Glycosyltransferase Extl1 promotes CCR7-mediated dendritic cell migration to restrain infection and autoimmunity.

机构信息

National Key Laboratory of Medical Immunology, Institute of Immunology, Second Military Medical University, Shanghai 200433, China.

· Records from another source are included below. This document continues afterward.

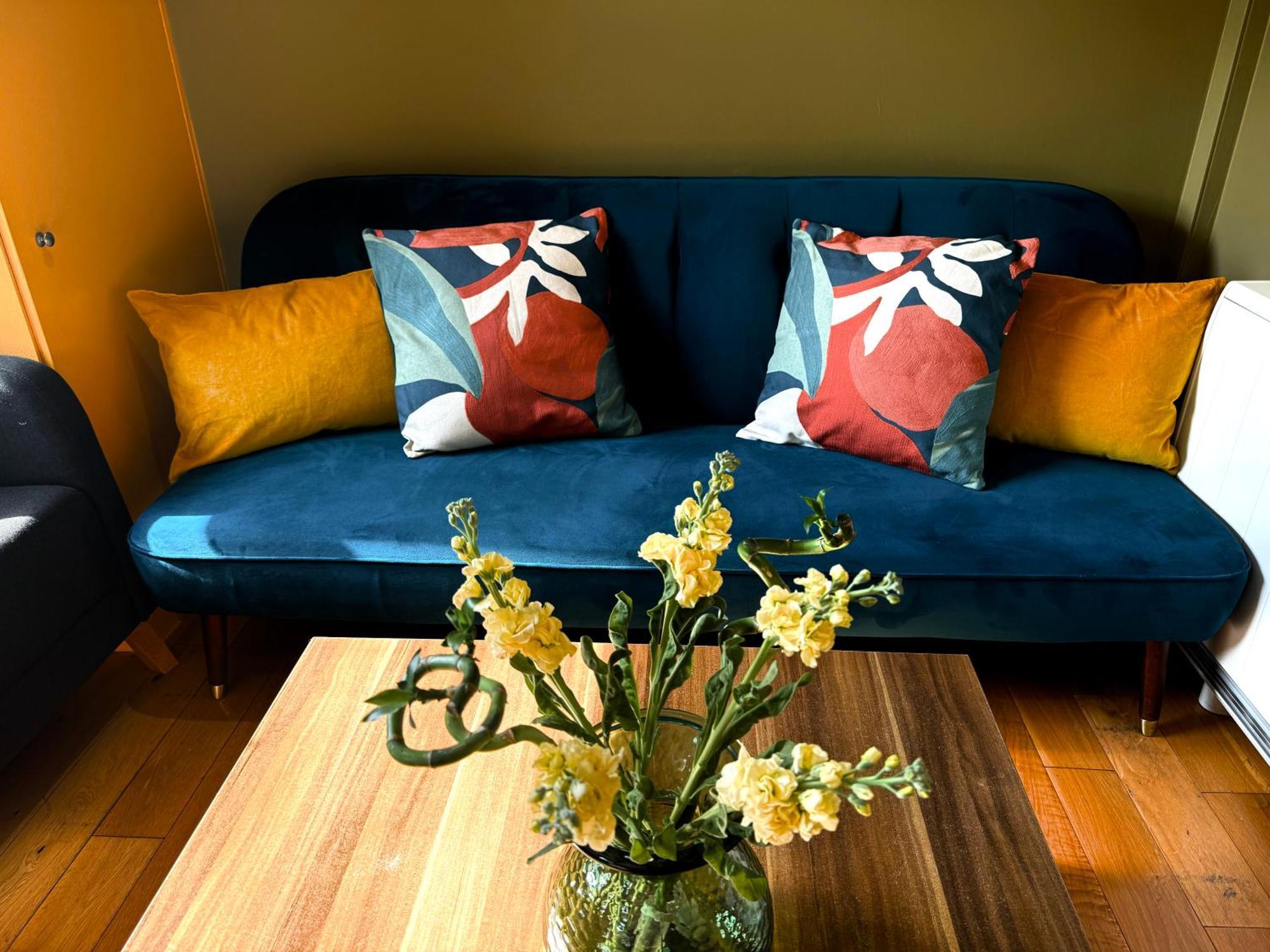 A Lovely 1 Bedroom Flat / Modern-cosy Londen
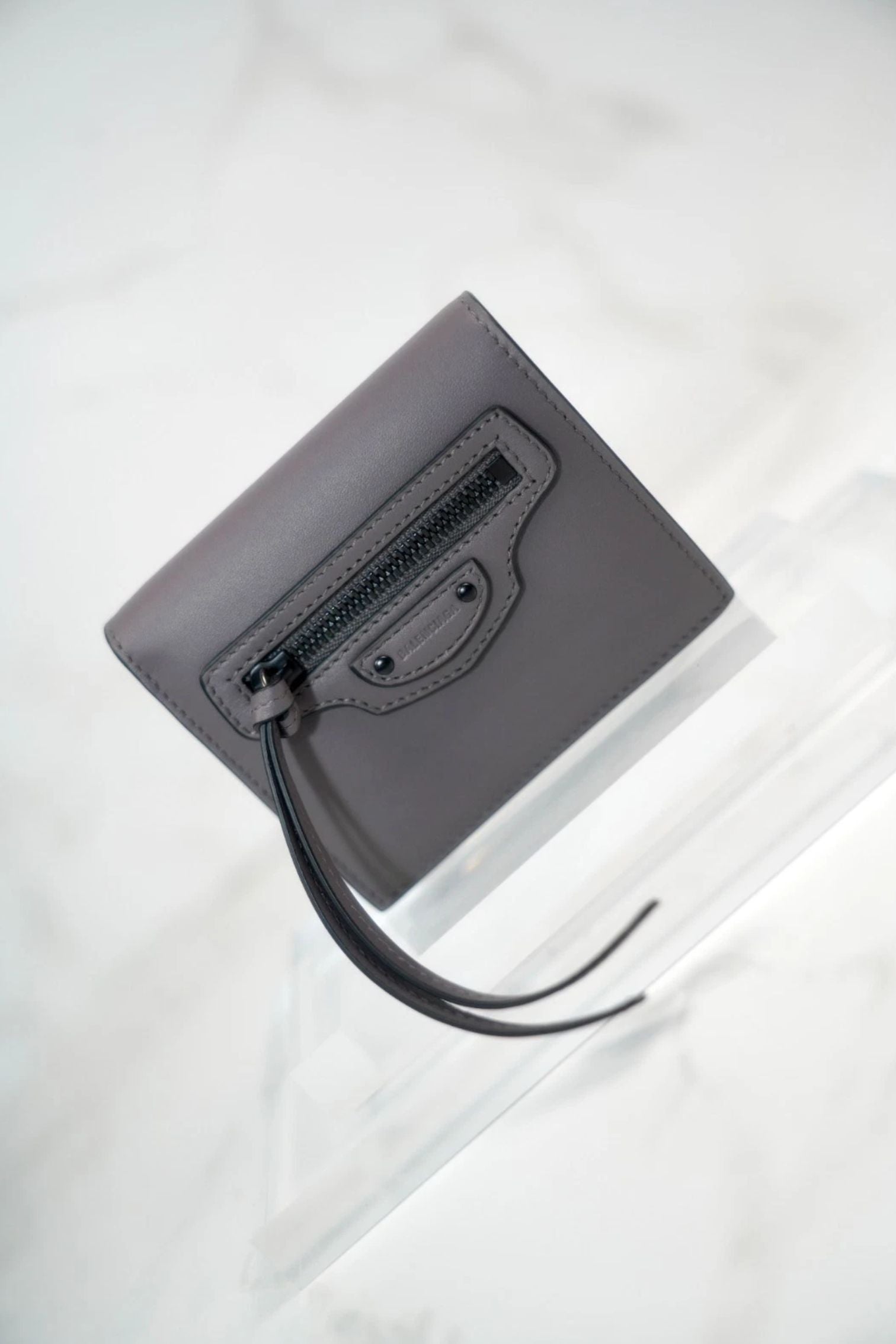 BNIB Balenciaga Women's Neo Classic Mini Wallet in Dark Grey Calfskin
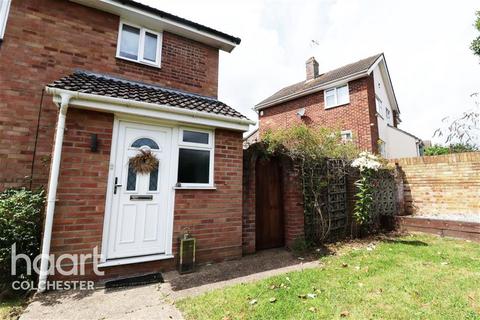 3 bedroom detached house to rent, East Colchester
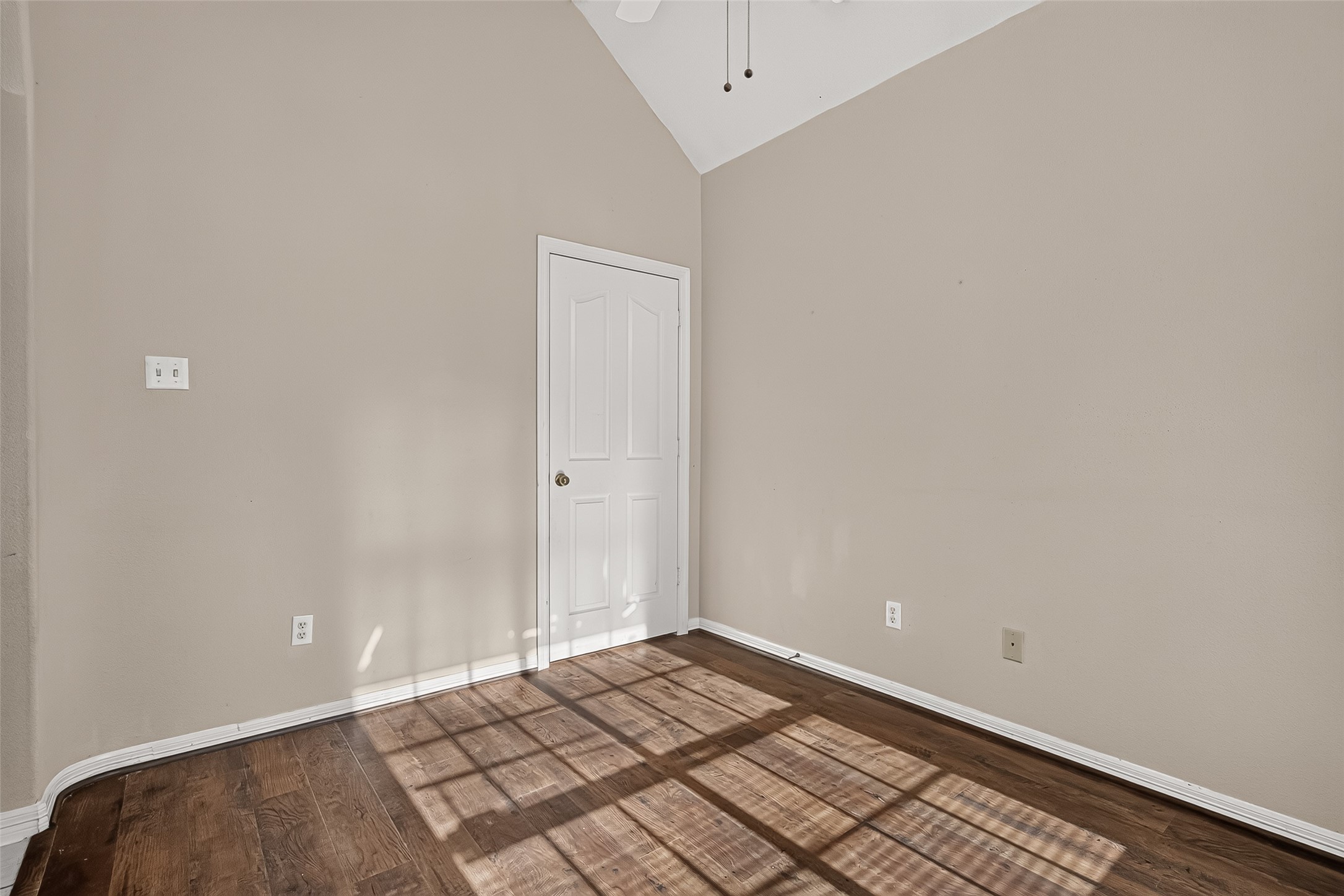 8503 Raybluff Lane Property Photo 9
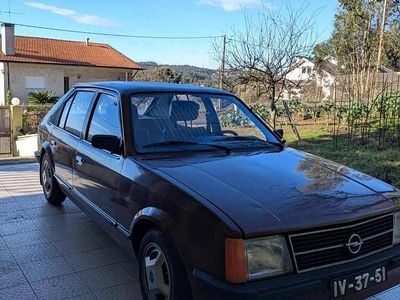 Usado Opel Kadett S 75 HP (55 kW) 1981 Outra Carrinha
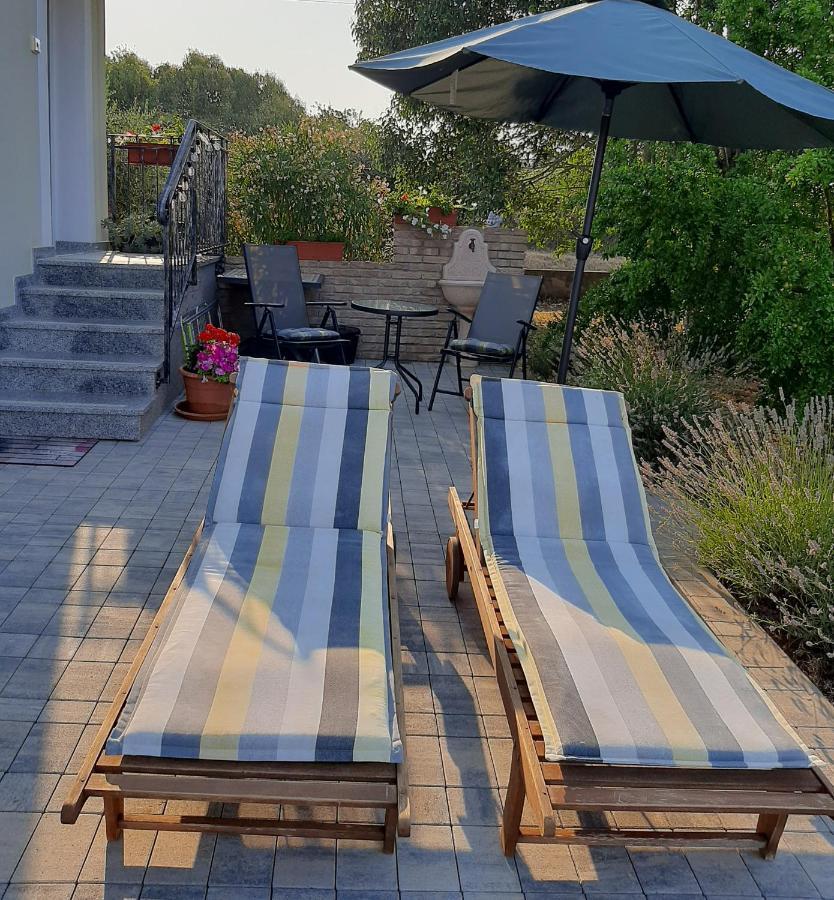 אומאג Apartment Green Oasis 1 מראה חיצוני תמונה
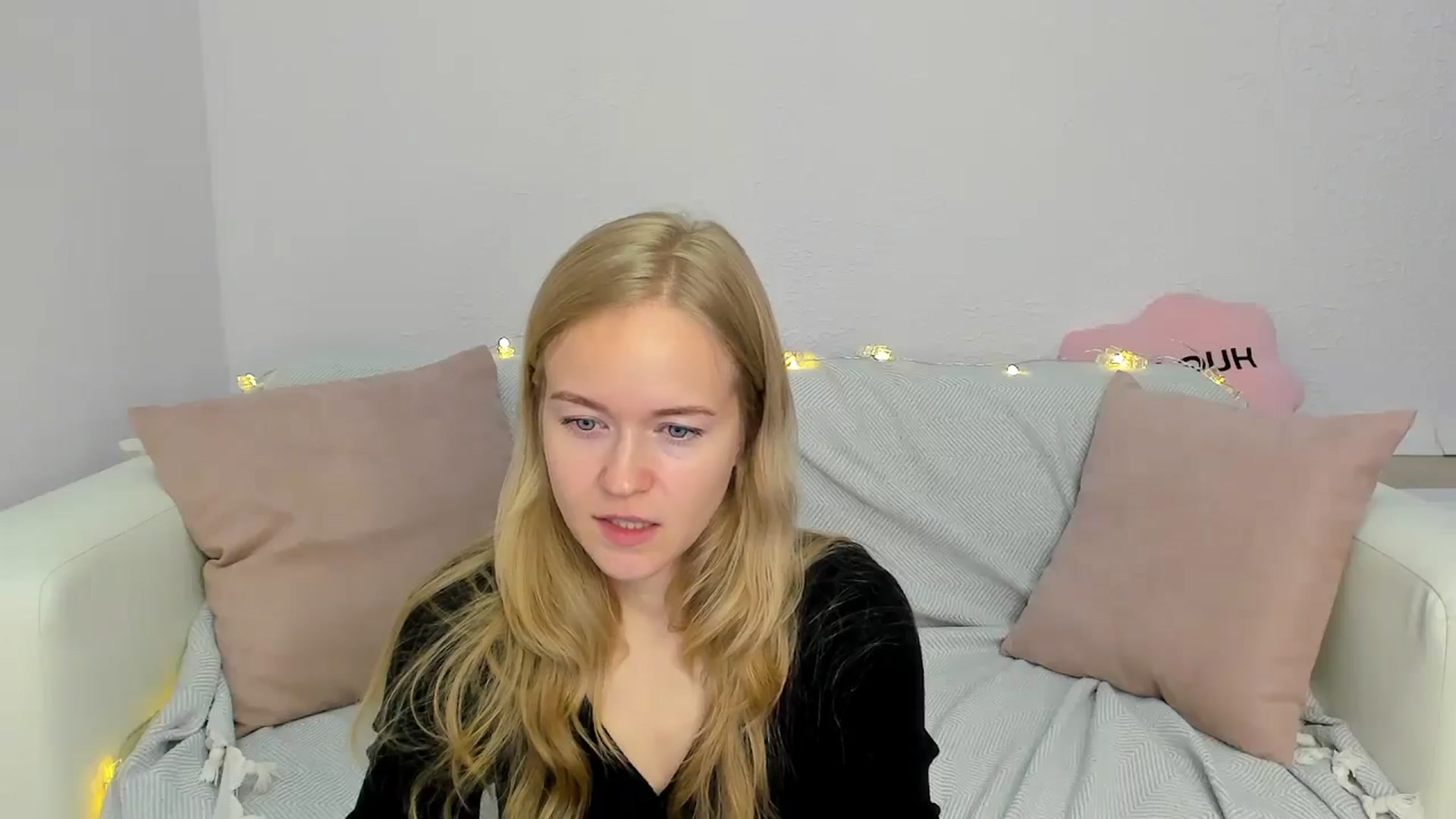 Gallery image thumbnail from Angel_Kristy's myfreecams stream on, 05/31/2024, 04:04 image 3 of 20
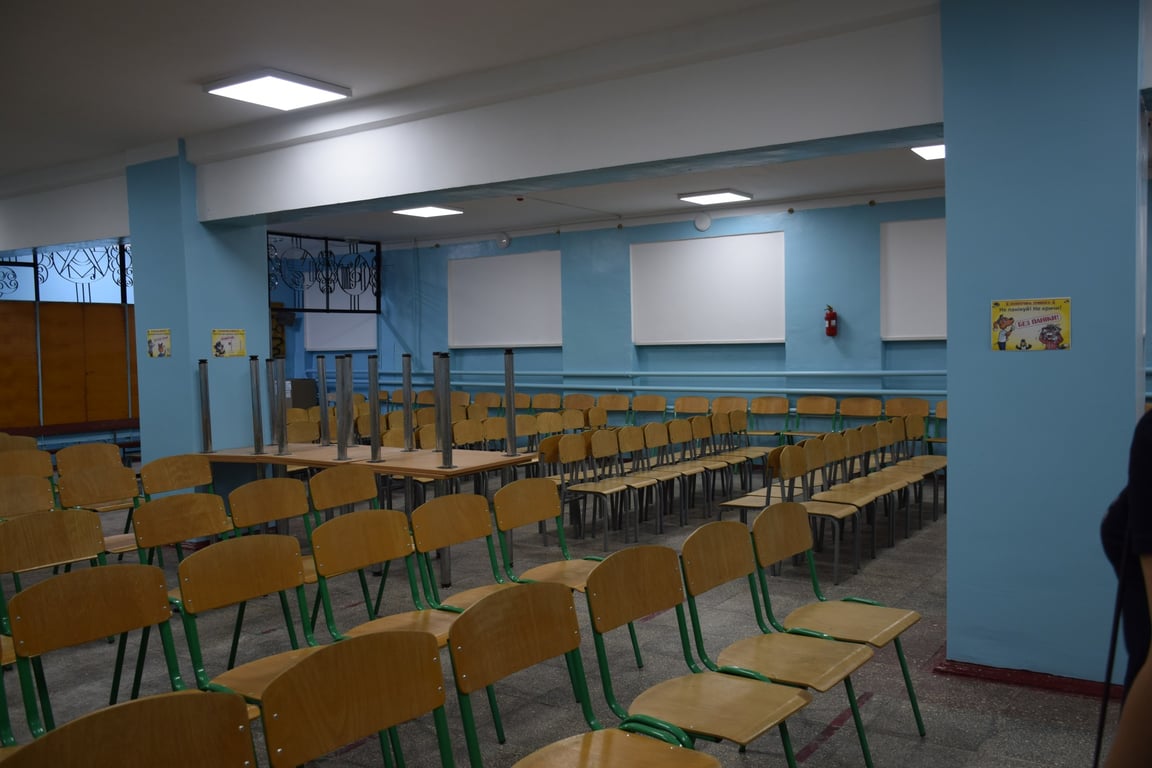 На Одещині шкільну їдальню переобладнали в укриття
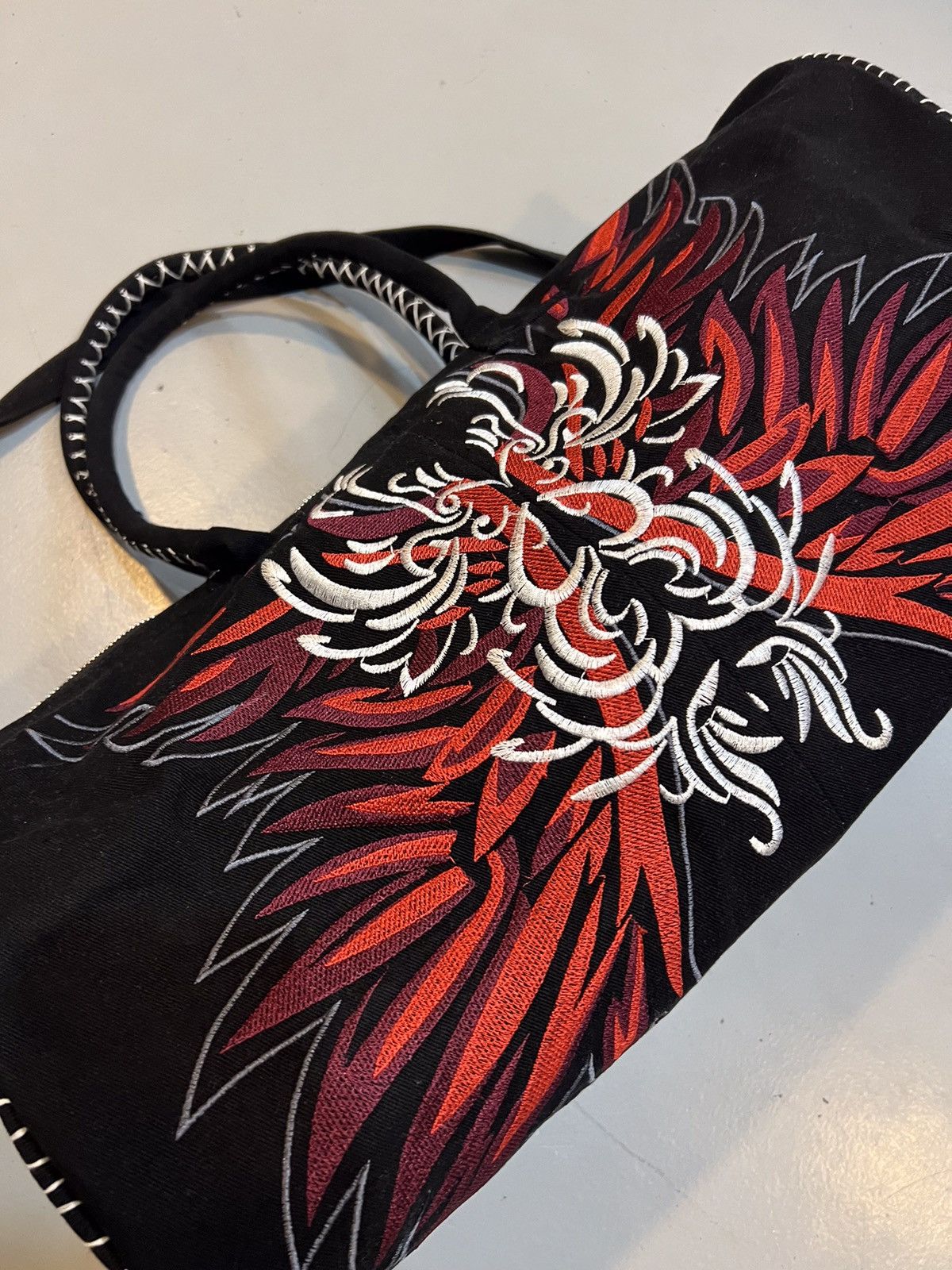 Vintage 1of1 custom made crazy embroidery work duffle bag Size ONE SIZE - 3 Thumbnail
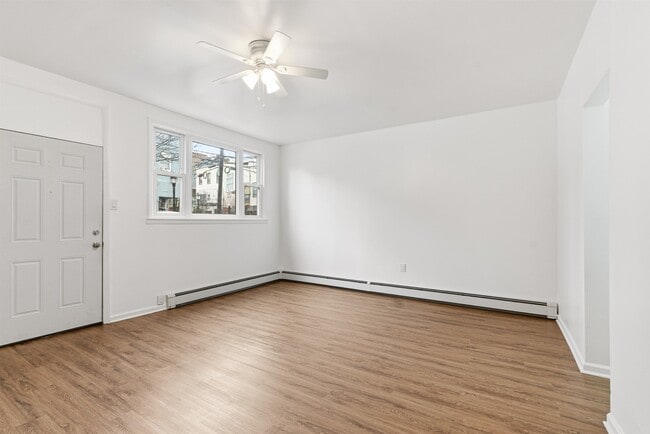 Foto del edificio - 303 43rd St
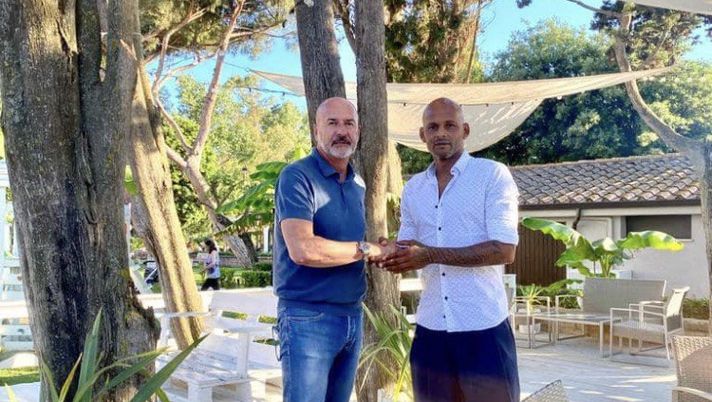 El Pollo Olivera, l’uruguagio campione con Capello: allenerà l’Aprilia in Serie D El Pollo Olivera, l’uruguagio campione con Capello: allenerà l’Aprilia in Serie D - immagine 1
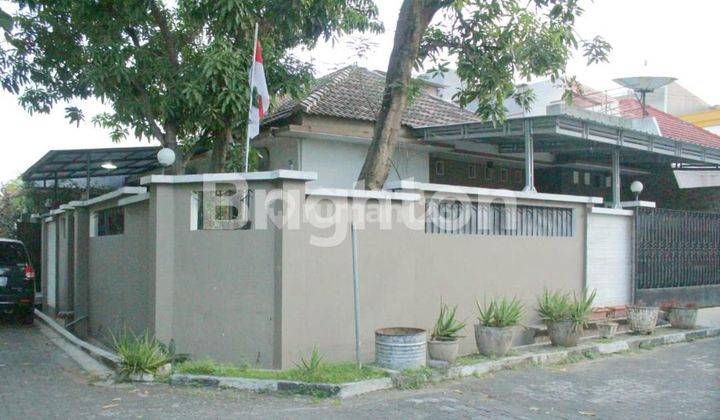 RUMAH HOOK INDRAPRASTA 1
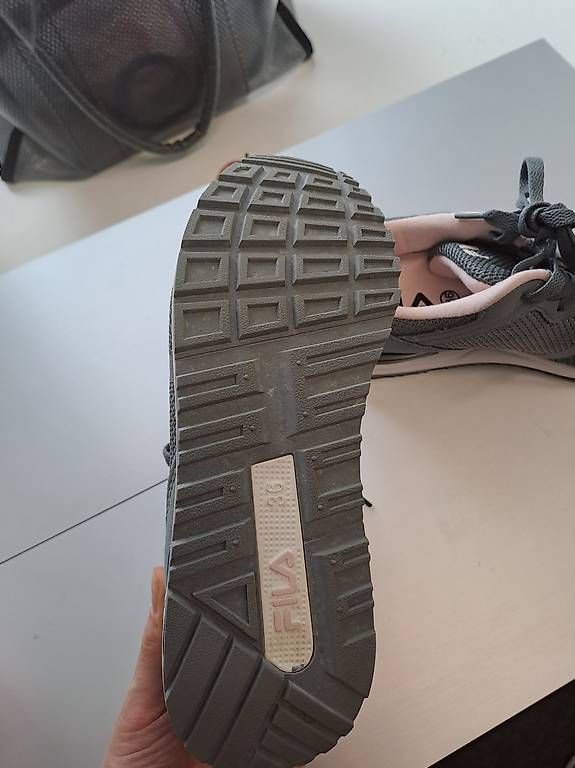 Scarpe da donna: Fila Damen Turnschuhe 36 – Usato da Zürich venduto da Simonikus 1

National Key Laboratory of Medical Immunology, Institute of Immunology, Second Military Medical University, Shanghai 200433, China.

出版信息

Cell Rep. 2023 Jan 31;42(1):111991. doi: 10.1016/j.celrep.2023.111991. Epub 2023 Jan 18.

Abstract

CCR7-triggered DC migration toward draining lymph nodes is critical for the initiation of protective immunity and maintenance of immune tolerance. How to promote CCR7-mediated DC migration to determine T cell responses under inflammatory and homeostatic conditions remains poorly understood. Here we demonstrate that the Extl1 (Exostosin like glycosyltransferase 1) promotes CCR7-triggered DC migration in a heparan sulfate proteoglycans (HSPG)-dependent manner. Mechanistically, Extl1 mediates HSPG production via its glycosyltransferase domain to inhibit C1q expression. Extl1/HSPG axis relieves C1q-mediated restriction of CCR7 surface expression and internalization, and thus enhances CCR7-dependent migratory signaling activation. Consequently, Extl1 is required for DC-mediated Th1 and Th17 responses in immune defense against bacterial infection and for Treg cell development in the prevention of autoimmunity. Our study adds mechanistic insights to the regulation of CCR7-triggered DC migration in immunity and tolerance and provides a potential target for the treatment of infectious and autoimmune diseases.

摘要

CCR7 触发的树突状细胞(DC)向引流淋巴结的迁移对于启动保护性免疫和维持免疫耐受至关重要。然而,如何在炎症和稳态条件下促进 CCR7 介导的 DC 迁移以决定 T 细胞反应仍知之甚少。本研究发现,Extl1(Exostosin 样糖基转移酶 1)通过依赖于硫酸乙酰肝素蛋白聚糖(HSPG)的方式促进 CCR7 触发的 DC 迁移。在机制上,Extl1 通过其糖基转移酶结构域介导 HSPG 的产生,从而抑制 C1q 的表达。Extl1/HSPG 轴解除了 C1q 对 CCR7 表面表达和内化的限制,从而增强了 CCR7 依赖性迁移信号的激活。因此,Extl1 对于 DC 介导的对抗细菌感染的 Th1 和 Th17 反应以及预防自身免疫的 Treg 细胞发育是必需的。本研究为 CCR7 触发的 DC 迁移在免疫和耐受中的调控提供了机制上的见解,并为治疗感染和自身免疫性疾病提供了一个潜在的靶点。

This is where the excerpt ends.